— Task —
Would you retype exactly the lines below, from the one containing "주차달인ㅎㅎ / 수원, 화성" through the end of the entries, both ends included, but not the pictures?

— Supplied material —

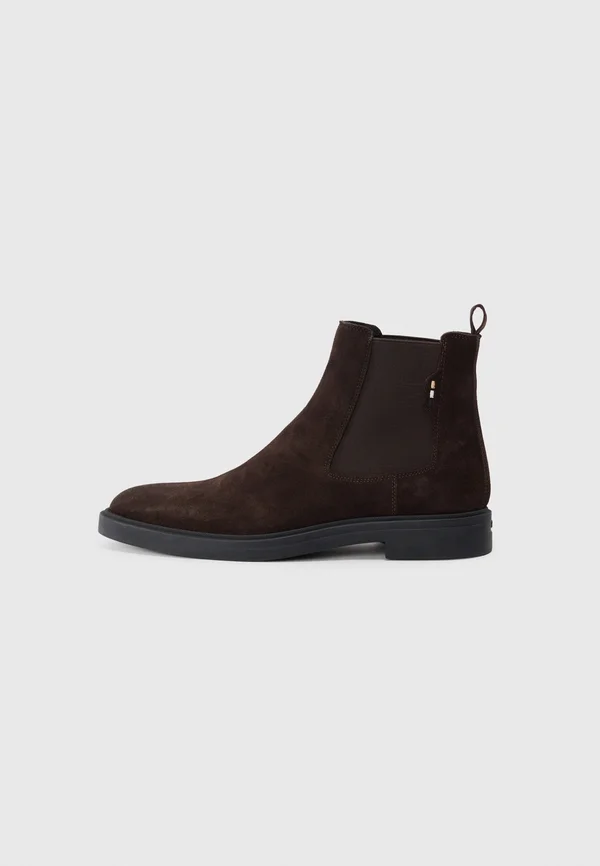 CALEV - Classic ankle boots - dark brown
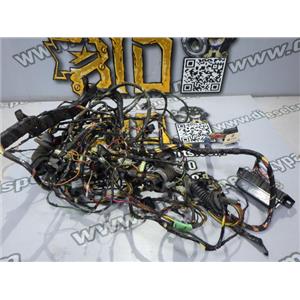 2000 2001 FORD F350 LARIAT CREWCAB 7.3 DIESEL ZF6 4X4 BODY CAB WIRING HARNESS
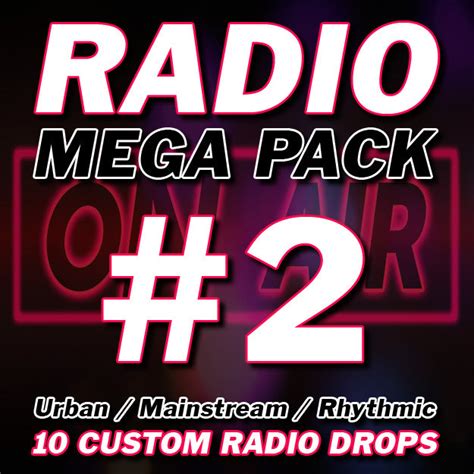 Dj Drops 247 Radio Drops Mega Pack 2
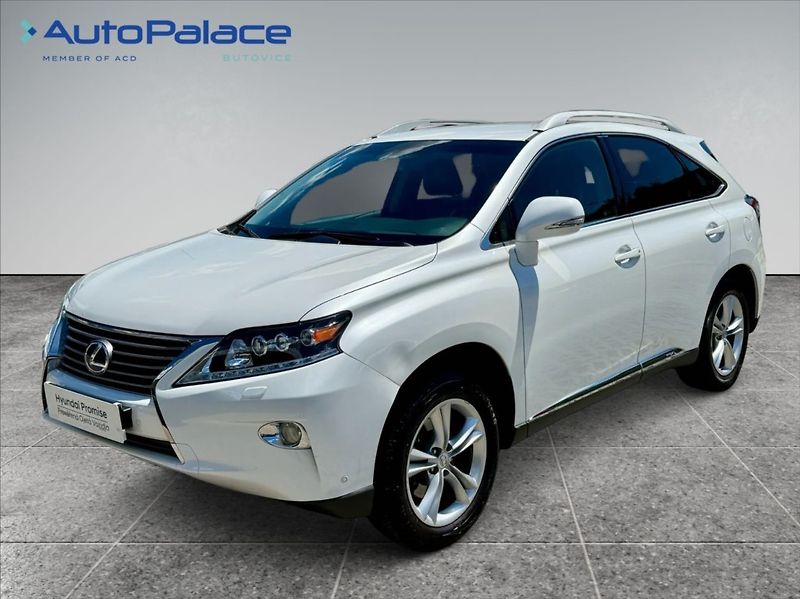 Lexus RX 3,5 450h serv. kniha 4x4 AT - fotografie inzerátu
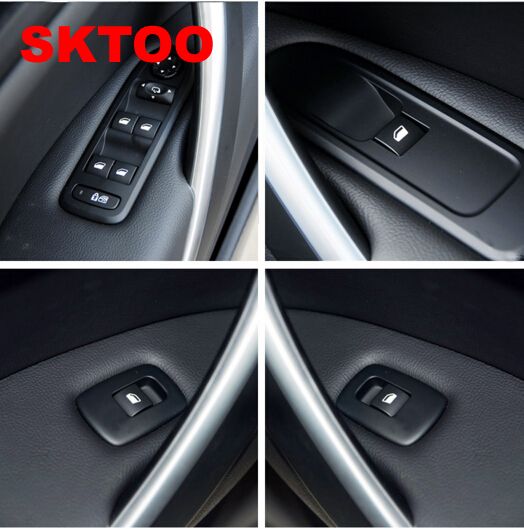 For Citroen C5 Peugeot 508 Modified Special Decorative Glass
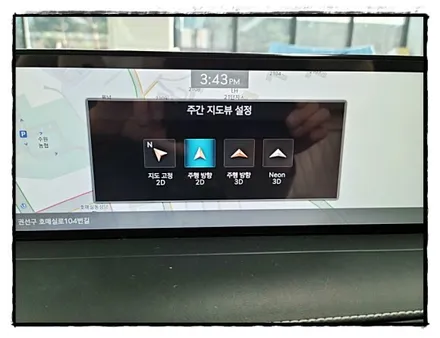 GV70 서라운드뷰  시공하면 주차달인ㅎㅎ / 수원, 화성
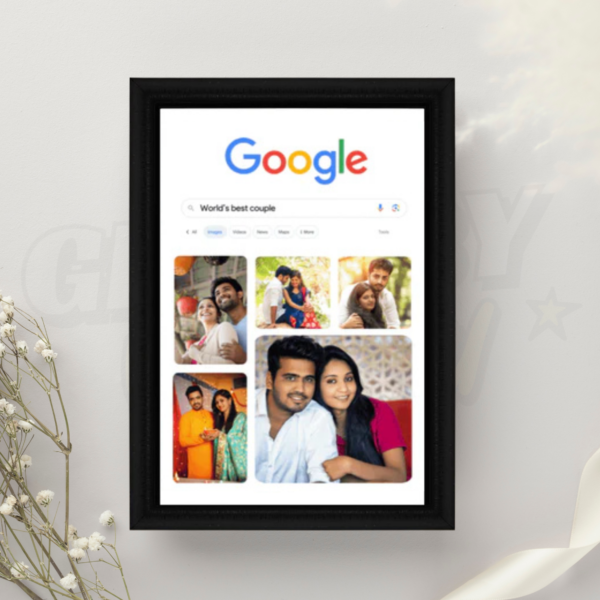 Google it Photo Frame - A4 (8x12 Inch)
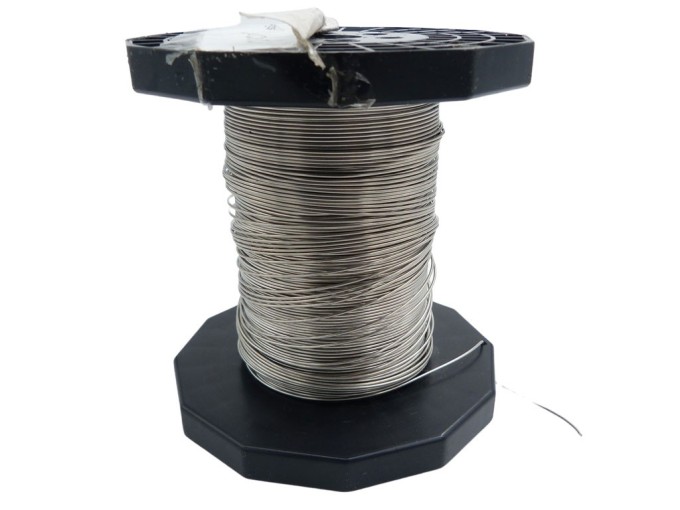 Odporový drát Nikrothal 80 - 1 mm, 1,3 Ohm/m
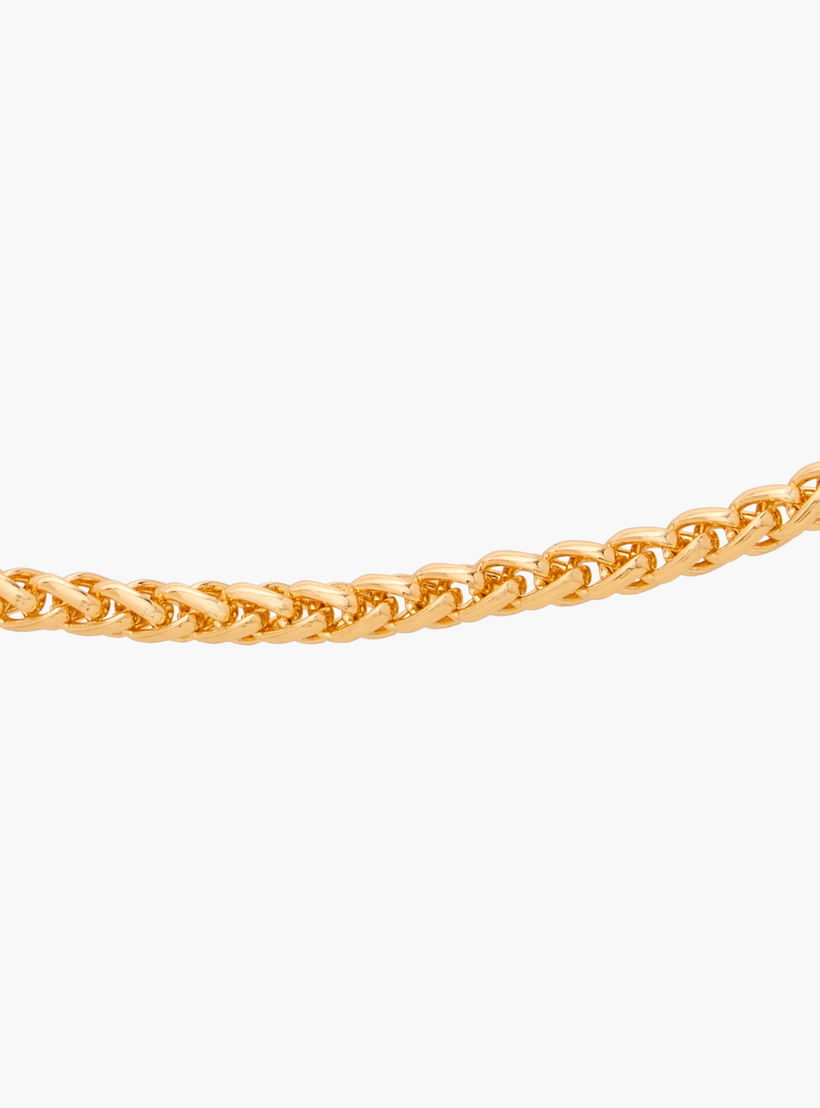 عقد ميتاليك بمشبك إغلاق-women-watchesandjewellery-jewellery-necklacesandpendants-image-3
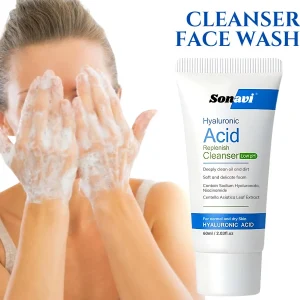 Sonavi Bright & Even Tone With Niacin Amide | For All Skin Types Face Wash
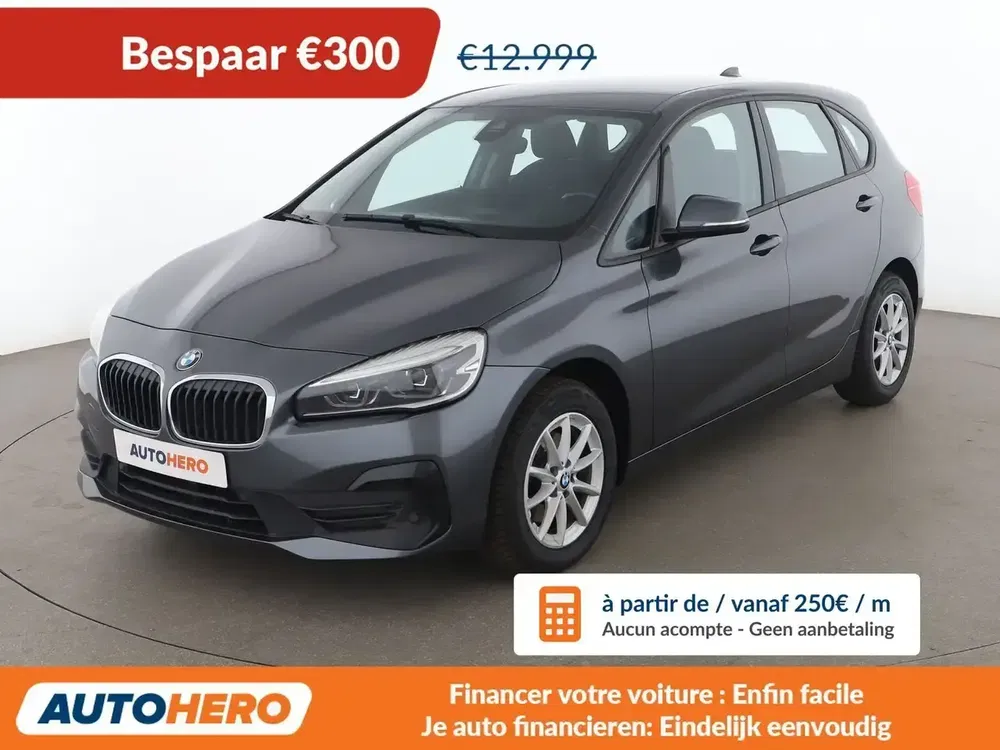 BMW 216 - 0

— Result for this exercise —
 GV70 서라운드뷰  시공하면 주차달인ㅎㅎ / 수원, 화성
 Google it Photo Frame - A4 (8x12 Inch)
 Odporový drát Nikrothal 80 - 1 mm, 1,3 Ohm/m
 عقد ميتاليك بمشبك إغلاق-women-watchesandjewellery-jewellery-necklacesandpendants-image-3
 Sonavi Bright & Even Tone With Niacin Amide | For All Skin Types Face Wash
 BMW 216 - 0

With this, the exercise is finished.